[Records for this task — start]

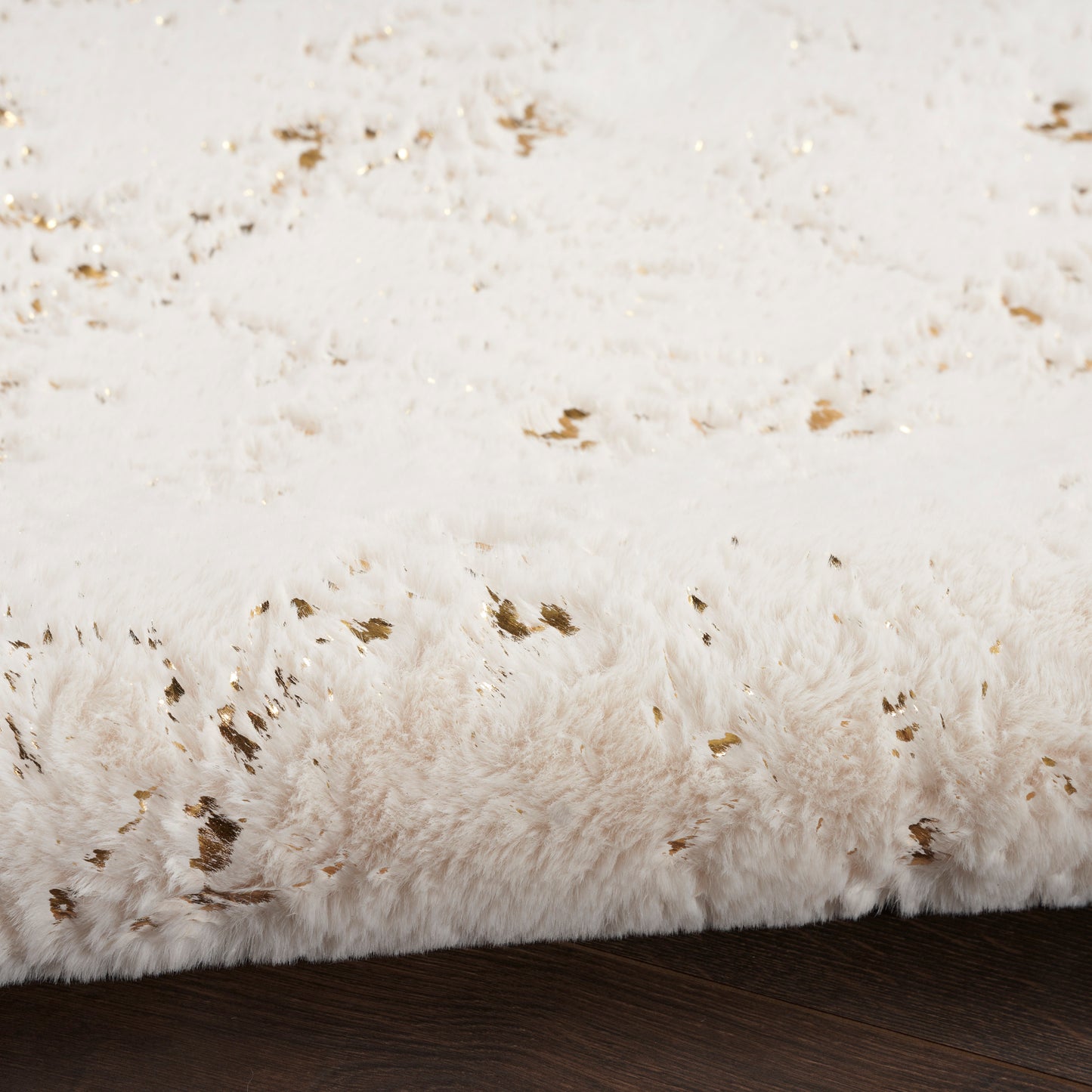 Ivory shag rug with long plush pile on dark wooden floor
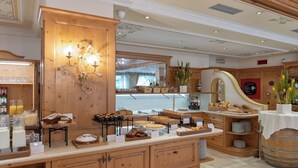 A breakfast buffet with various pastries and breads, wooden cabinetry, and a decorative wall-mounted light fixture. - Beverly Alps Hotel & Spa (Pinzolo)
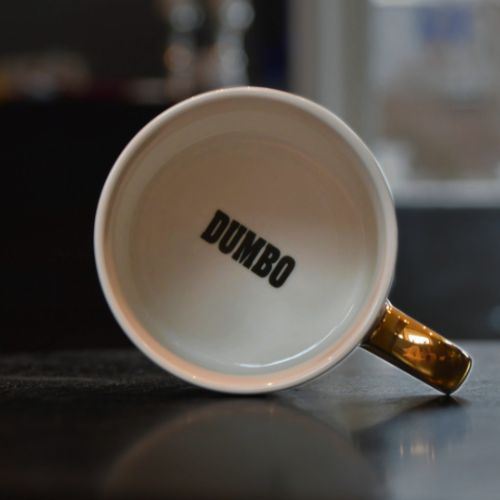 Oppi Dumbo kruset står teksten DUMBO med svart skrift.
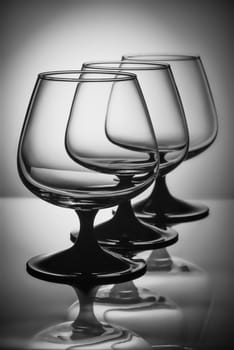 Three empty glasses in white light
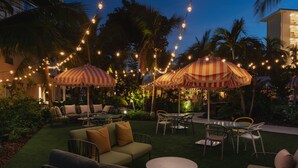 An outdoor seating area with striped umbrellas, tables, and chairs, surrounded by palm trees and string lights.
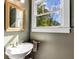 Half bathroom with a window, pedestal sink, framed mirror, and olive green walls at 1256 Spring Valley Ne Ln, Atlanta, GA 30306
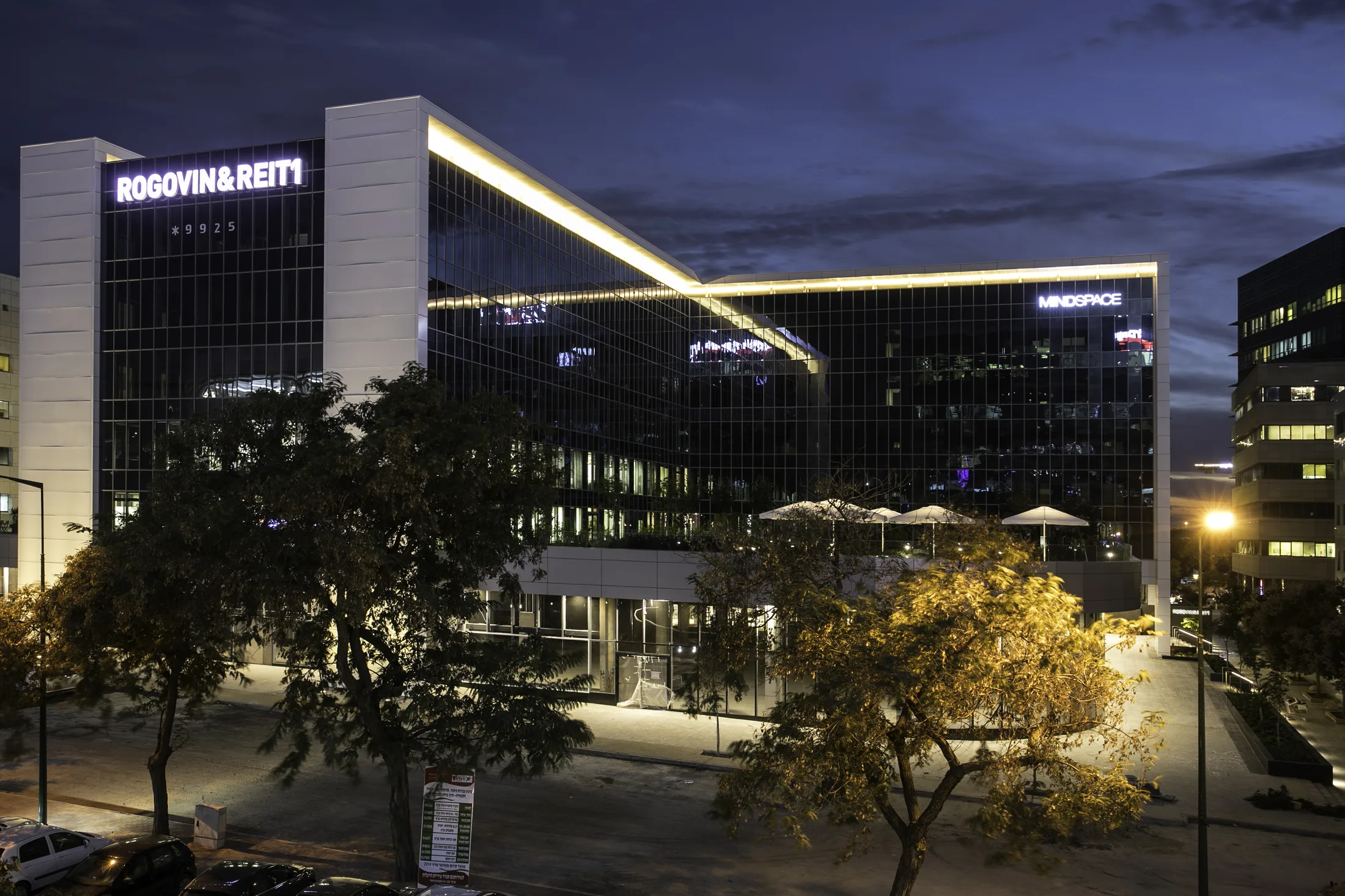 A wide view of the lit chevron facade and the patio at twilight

[Records for this task — finish]

» Task directions: When you copy the records above, keep every word exact and leave out the pictures they contain.

» Final answer:
 Ivory shag rug with long plush pile on dark wooden floor
 A breakfast buffet with various pastries and breads, wooden cabinetry, and a decorative wall-mounted light fixture. - Beverly Alps Hotel & Spa (Pinzolo)
 Oppi Dumbo kruset står teksten DUMBO med svart skrift.
 Three empty glasses in white light
 An outdoor seating area with striped umbrellas, tables, and chairs, surrounded by palm trees and string lights.
 Half bathroom with a window, pedestal sink, framed mirror, and olive green walls at 1256 Spring Valley Ne Ln, Atlanta, GA 30306
 A wide view of the lit chevron facade and the patio at twilight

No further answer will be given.